En
1907 la Real Academia
de Ciencias Exactas, Físicas y Naturales crea, a propuesta de Santiago Ramón y
Cajal, la “Medalla Echegaray” para honrar la memoria del que fuera su
presidente y para servir de acicate a todos los hombres de la cultura. Esta
distinción la recibieron, además del matemático (y dramaturgo) a la que debe su
nombre, en 1910, el arabista Eduardo Saavedra, en 1913 S.A.R. el Principe
Alberto I de Mónaco (fundador del Museo Oceanográfico), en 1916 el ingeniero
Leonardo Torres Quevedo, tres años más tarde el químico Svante Arrhenius, en
1922 el histólogo Santiago Ramón y Cajal, en 1925 el profesor Hendrick A.
Lorenz, en 1928 el zoólogo Ignacio Bolívar, etc.
En
mayo de 1922 Santiago Ramón y Cajal recibe la Medalla Echegaray
y pronuncia un discurso titulado “La Medalla Echegaray
y los hombres de ciencia” cuyas primeras palabras no son más que una de las
muchas muestras de admiración por el matemático y que constituyen una perfecta
síntesis de la labor realizada por el madrileño:
“Notorio
es que uno de los fines perseguidos por nuestra Academia al fundar el premio
Echegaray fue conservar y enaltecer la memoria de un sabio bonísimo y genial de
peregrinas y multilaterales aptitudes. Repitiendo un pensamiento vulgar,
diríase que las hadas prodigaron a nuestro inolvidable don José todas las
gracias: elocuencia subyugadora; intelecto agudísimo y generalizador; ansia
irrefrenable de aprender y de enseñar; don de expresar por escrito y en
lenguaje esmaltado de pensamientos brillantes y de comparaciones felicísimas,
las más abstrusas teorías e invenciones; soberana aptitud para la ciencia del
cálculo; bondad sólo equiparable con su modestia, y, en fin, por, tenerlo todo,
salud robusta, física y mental, conservada en bien de la enseñanza hasta la
hora de su muerte. Porque harto lo sabéis: la vida de Echegaray no tuvo ocaso.
Tan propicios le fueron los hados, que le preservaron piadosos de las
decadencias, regresiones y tristezas de la decrepitud, suplicios intolerables
para los espíritus fuertes que no comprenden la vida sin acción, ni apetecen
más deleites que los asociados al severo cumplimiento del deber y a la soberana
función de escrutar los enigmas de la naturaleza.
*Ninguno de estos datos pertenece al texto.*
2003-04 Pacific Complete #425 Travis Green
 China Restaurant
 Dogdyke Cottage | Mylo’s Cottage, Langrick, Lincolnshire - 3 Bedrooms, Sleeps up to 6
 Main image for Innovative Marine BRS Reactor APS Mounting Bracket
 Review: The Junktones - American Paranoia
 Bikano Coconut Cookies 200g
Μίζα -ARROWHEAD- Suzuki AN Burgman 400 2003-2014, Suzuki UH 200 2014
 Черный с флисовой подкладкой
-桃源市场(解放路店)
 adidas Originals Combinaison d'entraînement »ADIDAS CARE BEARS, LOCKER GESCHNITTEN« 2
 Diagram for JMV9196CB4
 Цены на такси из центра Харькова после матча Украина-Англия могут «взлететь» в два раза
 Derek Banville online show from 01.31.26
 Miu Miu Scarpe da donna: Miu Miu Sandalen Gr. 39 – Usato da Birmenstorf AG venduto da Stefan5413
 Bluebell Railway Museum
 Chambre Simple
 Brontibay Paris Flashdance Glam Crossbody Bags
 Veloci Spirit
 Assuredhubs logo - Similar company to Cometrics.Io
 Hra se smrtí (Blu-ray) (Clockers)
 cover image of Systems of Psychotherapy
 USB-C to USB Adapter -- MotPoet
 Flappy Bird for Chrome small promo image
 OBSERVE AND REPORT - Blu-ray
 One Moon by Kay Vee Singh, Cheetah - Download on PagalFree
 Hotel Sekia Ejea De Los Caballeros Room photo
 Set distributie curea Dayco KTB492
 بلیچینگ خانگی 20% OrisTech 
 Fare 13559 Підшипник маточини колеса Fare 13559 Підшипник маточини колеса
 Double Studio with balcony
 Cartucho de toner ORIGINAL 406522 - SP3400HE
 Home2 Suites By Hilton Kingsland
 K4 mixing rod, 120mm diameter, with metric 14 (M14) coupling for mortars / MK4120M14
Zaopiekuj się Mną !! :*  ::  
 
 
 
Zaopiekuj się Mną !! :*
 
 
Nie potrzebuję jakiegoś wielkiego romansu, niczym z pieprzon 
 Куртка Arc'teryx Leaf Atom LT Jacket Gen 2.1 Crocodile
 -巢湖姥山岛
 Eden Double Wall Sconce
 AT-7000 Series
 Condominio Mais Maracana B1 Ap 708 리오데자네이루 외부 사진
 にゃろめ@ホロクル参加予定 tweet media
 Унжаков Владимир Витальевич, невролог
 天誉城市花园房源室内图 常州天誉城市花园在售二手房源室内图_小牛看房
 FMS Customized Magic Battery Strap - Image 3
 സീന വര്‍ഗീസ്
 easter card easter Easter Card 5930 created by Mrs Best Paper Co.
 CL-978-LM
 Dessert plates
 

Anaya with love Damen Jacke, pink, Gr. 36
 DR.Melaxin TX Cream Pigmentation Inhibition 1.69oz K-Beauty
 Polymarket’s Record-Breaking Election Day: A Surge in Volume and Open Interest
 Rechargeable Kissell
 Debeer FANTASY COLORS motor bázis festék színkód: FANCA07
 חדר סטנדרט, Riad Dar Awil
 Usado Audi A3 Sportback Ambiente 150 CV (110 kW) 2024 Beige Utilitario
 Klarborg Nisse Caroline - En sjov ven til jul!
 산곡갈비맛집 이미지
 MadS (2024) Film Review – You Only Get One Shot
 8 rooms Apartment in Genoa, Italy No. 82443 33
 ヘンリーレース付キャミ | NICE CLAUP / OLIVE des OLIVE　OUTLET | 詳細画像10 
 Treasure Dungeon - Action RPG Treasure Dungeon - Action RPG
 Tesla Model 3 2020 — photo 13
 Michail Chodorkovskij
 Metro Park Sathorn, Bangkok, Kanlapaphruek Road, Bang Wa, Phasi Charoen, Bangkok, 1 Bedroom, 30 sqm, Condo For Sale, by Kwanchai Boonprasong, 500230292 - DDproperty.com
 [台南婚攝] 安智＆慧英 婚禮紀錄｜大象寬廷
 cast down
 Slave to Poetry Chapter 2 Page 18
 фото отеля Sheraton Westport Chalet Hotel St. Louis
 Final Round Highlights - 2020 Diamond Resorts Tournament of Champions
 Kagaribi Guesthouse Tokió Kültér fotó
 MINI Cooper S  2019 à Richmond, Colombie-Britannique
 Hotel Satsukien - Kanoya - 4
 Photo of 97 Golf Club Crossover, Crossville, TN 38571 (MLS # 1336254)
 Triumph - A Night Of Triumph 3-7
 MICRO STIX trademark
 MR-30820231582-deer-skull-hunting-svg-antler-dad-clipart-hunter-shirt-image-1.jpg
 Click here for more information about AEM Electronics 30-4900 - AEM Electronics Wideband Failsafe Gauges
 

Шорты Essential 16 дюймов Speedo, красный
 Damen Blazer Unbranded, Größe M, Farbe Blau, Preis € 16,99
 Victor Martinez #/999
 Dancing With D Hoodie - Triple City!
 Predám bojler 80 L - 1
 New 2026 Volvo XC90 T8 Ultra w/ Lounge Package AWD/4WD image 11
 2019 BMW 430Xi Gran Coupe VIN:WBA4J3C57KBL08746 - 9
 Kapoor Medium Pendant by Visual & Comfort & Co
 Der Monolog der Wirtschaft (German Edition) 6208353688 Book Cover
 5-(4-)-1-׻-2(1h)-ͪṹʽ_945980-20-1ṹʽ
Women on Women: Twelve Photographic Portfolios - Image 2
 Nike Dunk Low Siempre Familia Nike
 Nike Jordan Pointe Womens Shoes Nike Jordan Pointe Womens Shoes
Yo, que aprendí a admirarle
desde muy joven, con ocasión de sus brillantes discursos políticos en las
Cortes Constituyentes, troqué mi admiración en fanatismo, allá por el año 1883,
cuando, siendo a la sazón profesor en Valencia, devoré su maravilloso libro
titulado Teorías modernas de la
Física , muy superior a las celebradas obras de vulgarización
de Tyndall, en Inglaterra, y de J. H. Fabre, en Francia. Y siempre seguí su
carrera de triunfos profesionales, políticos, literarios y científicos, con
noble envidia y creciente asombro. Era incuestionablemente el cerebro más fino
y exquisitamente organizado de la
España del siglo XIX. Él lo fue todo, porque podía serlo
todo: ministro, orador, hacendista, maestro, escritor, dramaturgo,
investigador, etc. ¡Lástima que las brutales y tiránicas exigencias de la vida
no le permitieran desplegar sus estudios de física, que fue, según es notorio,
el amor de sus amores y la ocupación favorita de su apacible y serena senectud!
Así y todo, su obra científica -descuento el magno repertorio teatral, el más
copioso, intenso y original que poseemos desde Calderón y Lope de Vega-, con
sus maravillosas lecciones de física matemática, y sus libros de vulgarización
quedarán para la posteridad como modelos insuperables. Sea este recuerdo
ofrenda fervorosa del modesto admirador al maestro incomparable”.